Restate all of the entries exactly, dropping any pictures they hold.
*** Opening of Material shown ***
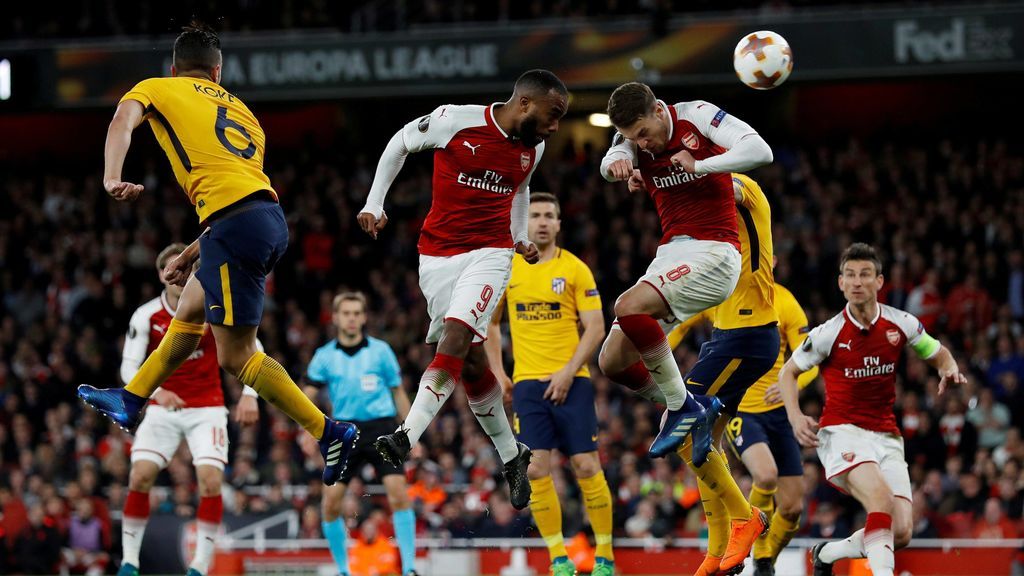 La cara del árbitro al terminar el partido del Atlético ante el Arsenal se hace viral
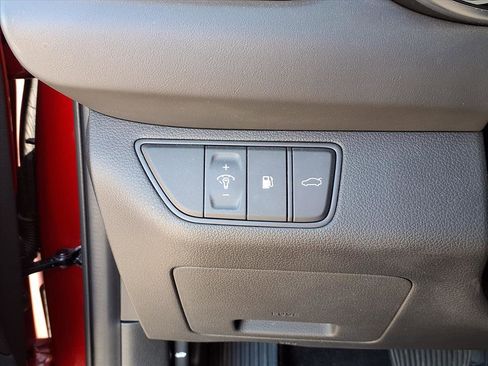 Used 2023 Genesis G70 2.0T image 22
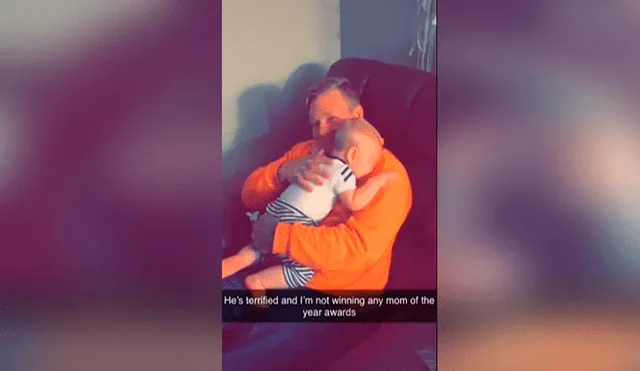 YouTube viral: bebé tiene dramática reacción al ver por primera vez a su mamá con una mascarilla ‘negra’
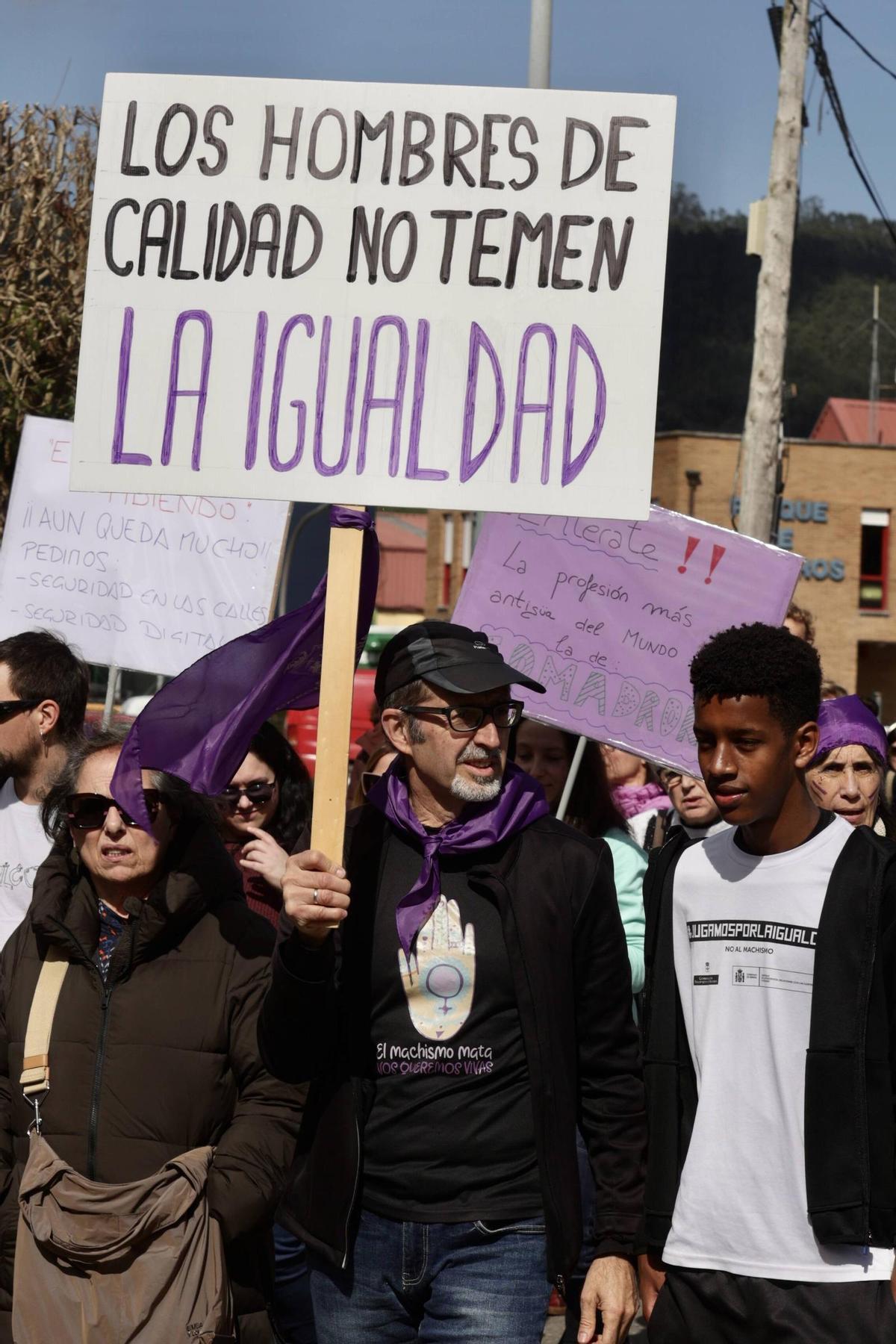 EN IMÁGENES: Un multitudinario y diverso 8M desborda las calles de Villaviciosa y celebra a la mujer rural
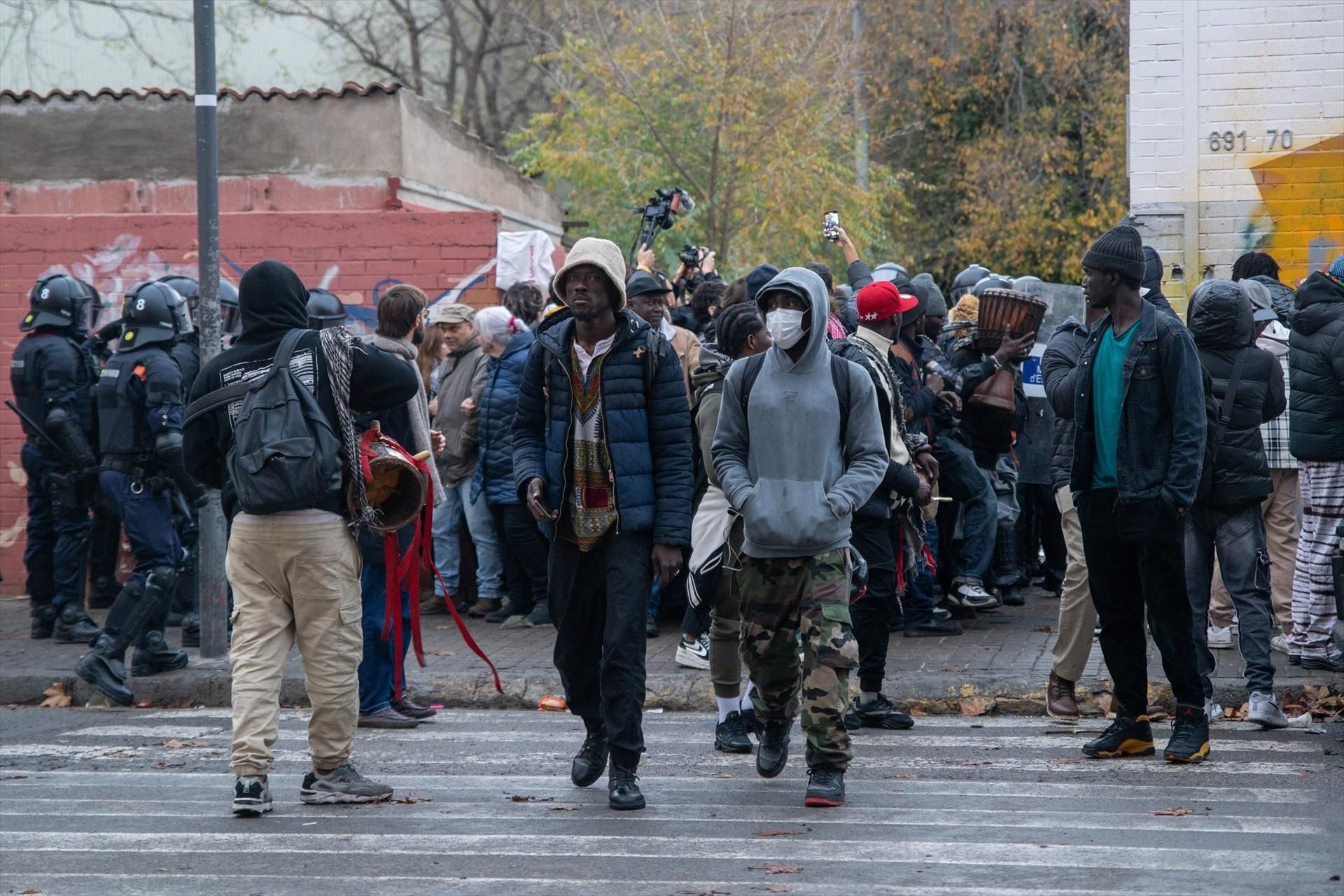 Las imágenes del desalojo de 400 personas en Badalona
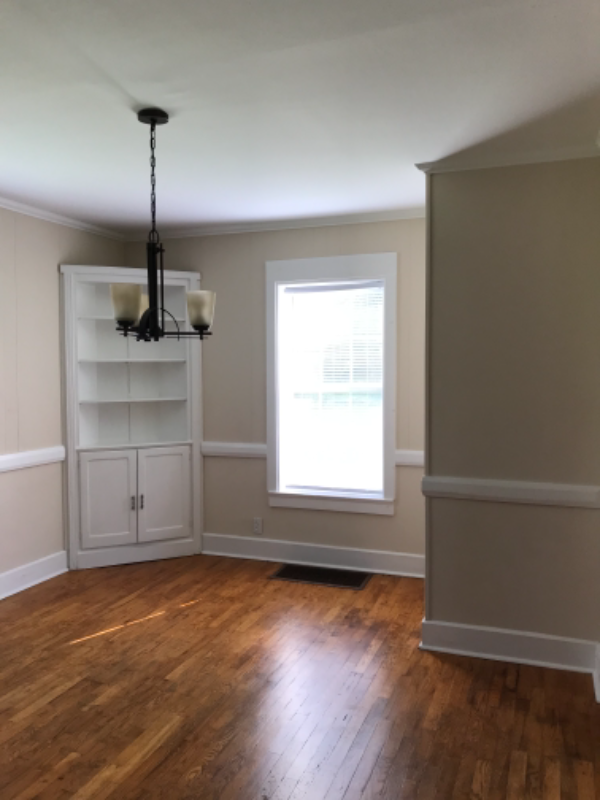 913 Genesis St - Photo 5 of 17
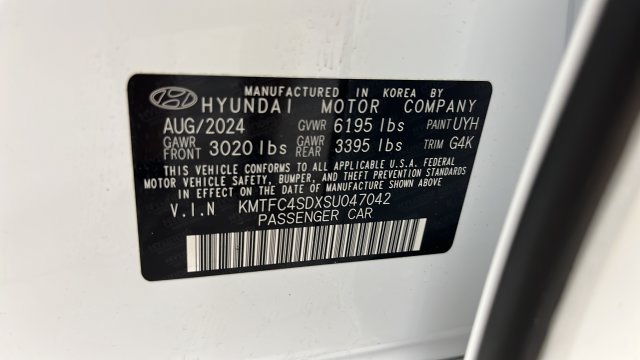 Used 2025 Genesis G90 3.5T AWD/4WD image 30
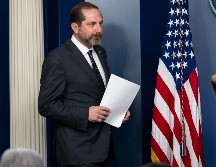 El secretario de Salud y Servicios Humanos, Alex Azar, arriba a una conferencia de prensa sobre la situación del coronavirus en Estados Unidos. AP/E. Vucci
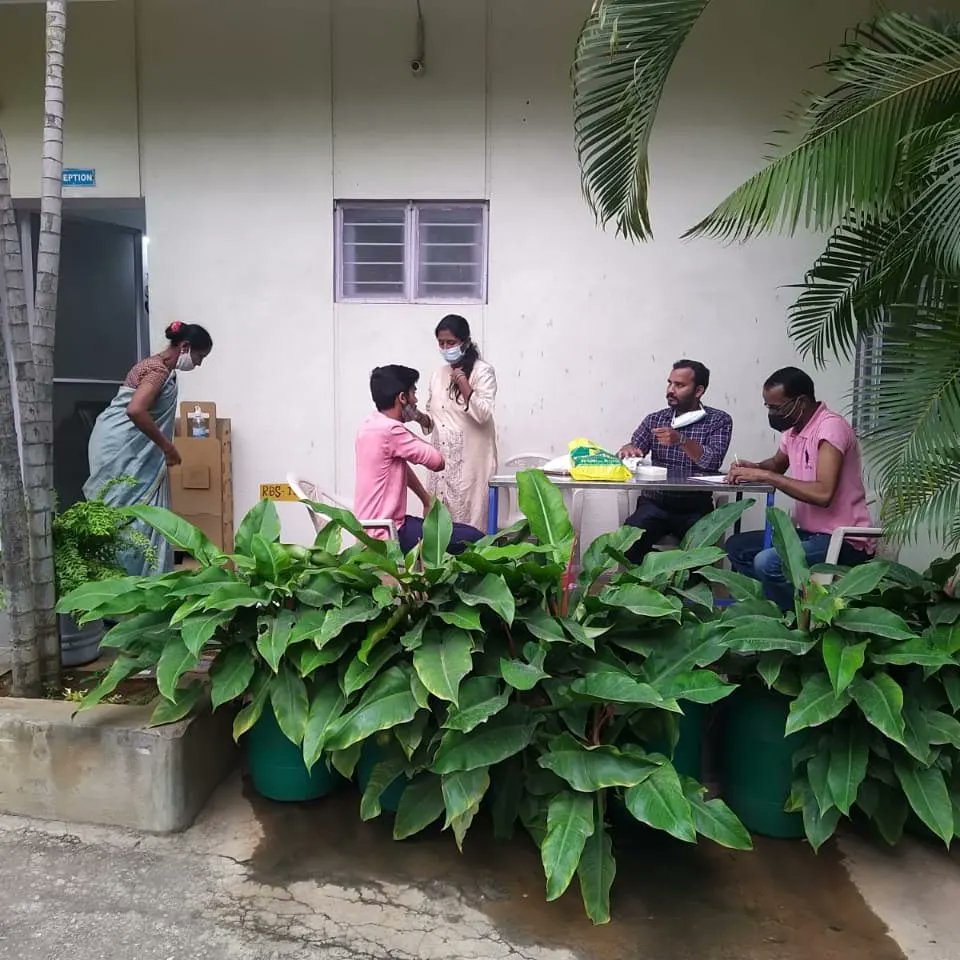 MadhurPharma's tweet photo. With the 2nd jab of #vaccination all our employees are #coronasafe and so is our facility. #workspace #vaccinatedandhappy #COVID19 #Covid19India #fightagainstcoronavirus https://t.co/r4qzHrXWdo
*** Close of Material shown ***
Solution for this exercise.
 La cara del árbitro al terminar el partido del Atlético ante el Arsenal se hace viral
 Used 2023 Genesis G70 2.0T image 22
 YouTube viral: bebé tiene dramática reacción al ver por primera vez a su mamá con una mascarilla ‘negra’
 EN IMÁGENES: Un multitudinario y diverso 8M desborda las calles de Villaviciosa y celebra a la mujer rural
 Las imágenes del desalojo de 400 personas en Badalona
 913 Genesis St - Photo 5 of 17
 Used 2025 Genesis G90 3.5T AWD/4WD image 30
 El secretario de Salud y Servicios Humanos, Alex Azar, arriba a una conferencia de prensa sobre la situación del coronavirus en Estados Unidos. AP/E. Vucci
 MadhurPharma's tweet photo. With the 2nd jab of #vaccination all our employees are #coronasafe and so is our facility. #workspace #vaccinatedandhappy #COVID19 #Covid19India #fightagainstcoronavirus https://t.co/r4qzHrXWdo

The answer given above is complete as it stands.